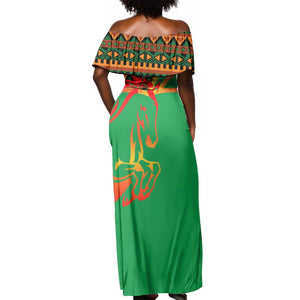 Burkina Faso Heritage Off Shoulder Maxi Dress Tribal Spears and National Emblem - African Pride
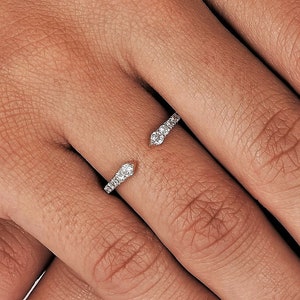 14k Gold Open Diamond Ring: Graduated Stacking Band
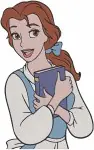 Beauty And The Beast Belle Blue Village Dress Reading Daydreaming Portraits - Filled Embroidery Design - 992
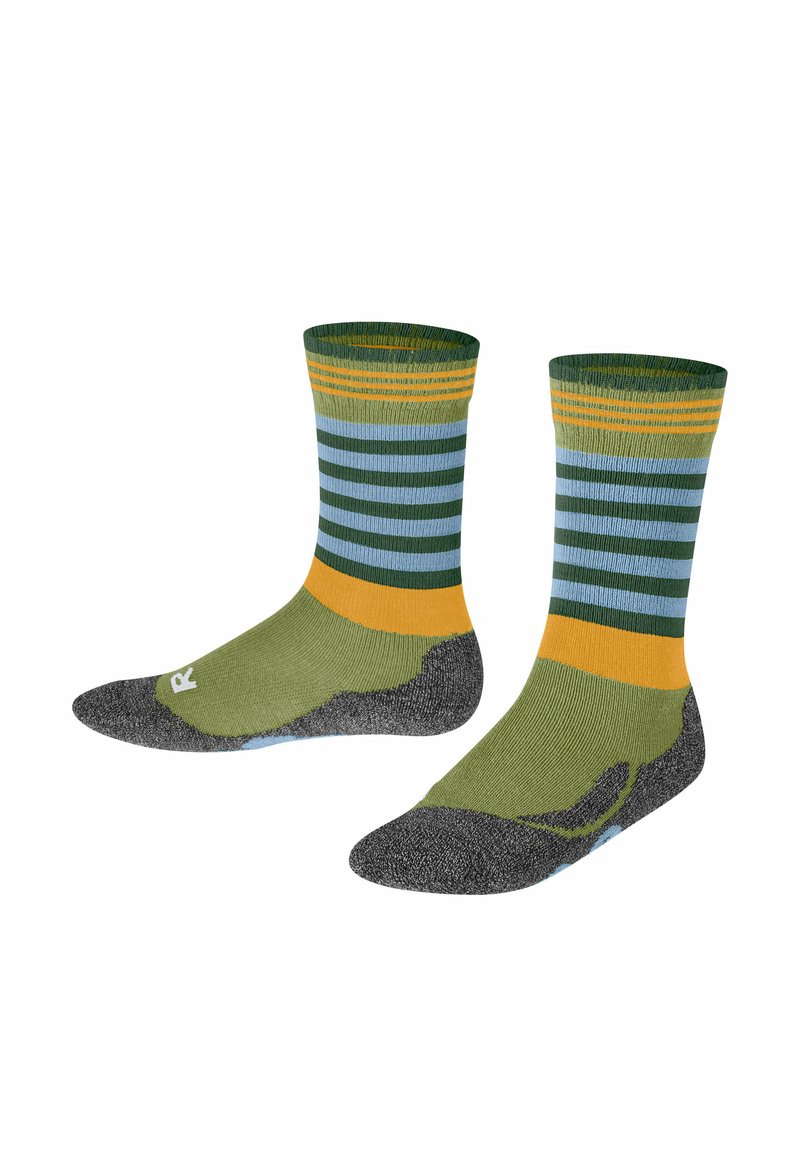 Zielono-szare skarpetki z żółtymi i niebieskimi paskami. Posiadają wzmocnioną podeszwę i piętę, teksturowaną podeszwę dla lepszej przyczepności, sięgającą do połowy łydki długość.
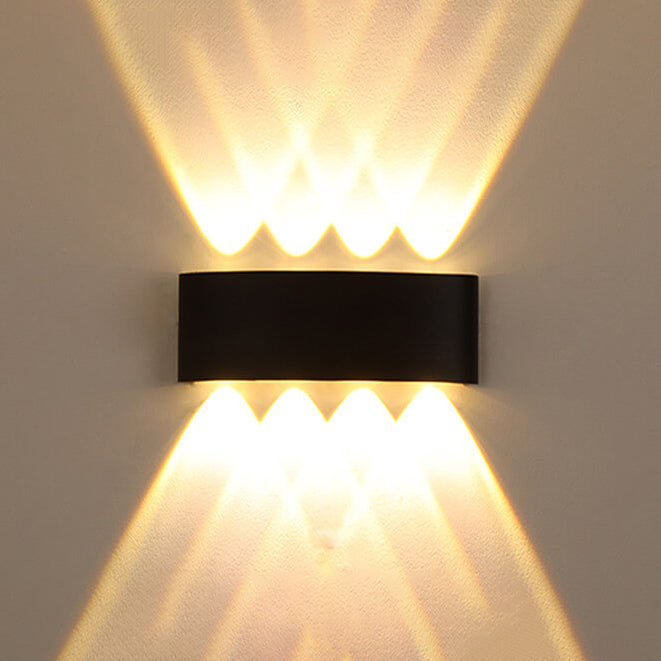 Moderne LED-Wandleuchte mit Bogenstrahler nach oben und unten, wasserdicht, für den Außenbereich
==*==
Work order:
From the line holding "Beauty And The" through the last line of the material above, each line should be written out exactly, both included; omit the pictures.

Solution to the exercise:
 Beauty And The Beast Belle Blue Village Dress Reading Daydreaming Portraits - Filled Embroidery Design - 992
 Zielono-szare skarpetki z żółtymi i niebieskimi paskami. Posiadają wzmocnioną podeszwę i piętę, teksturowaną podeszwę dla lepszej przyczepności, sięgającą do połowy łydki długość.
 Moderne LED-Wandleuchte mit Bogenstrahler nach oben und unten, wasserdicht, für den Außenbereich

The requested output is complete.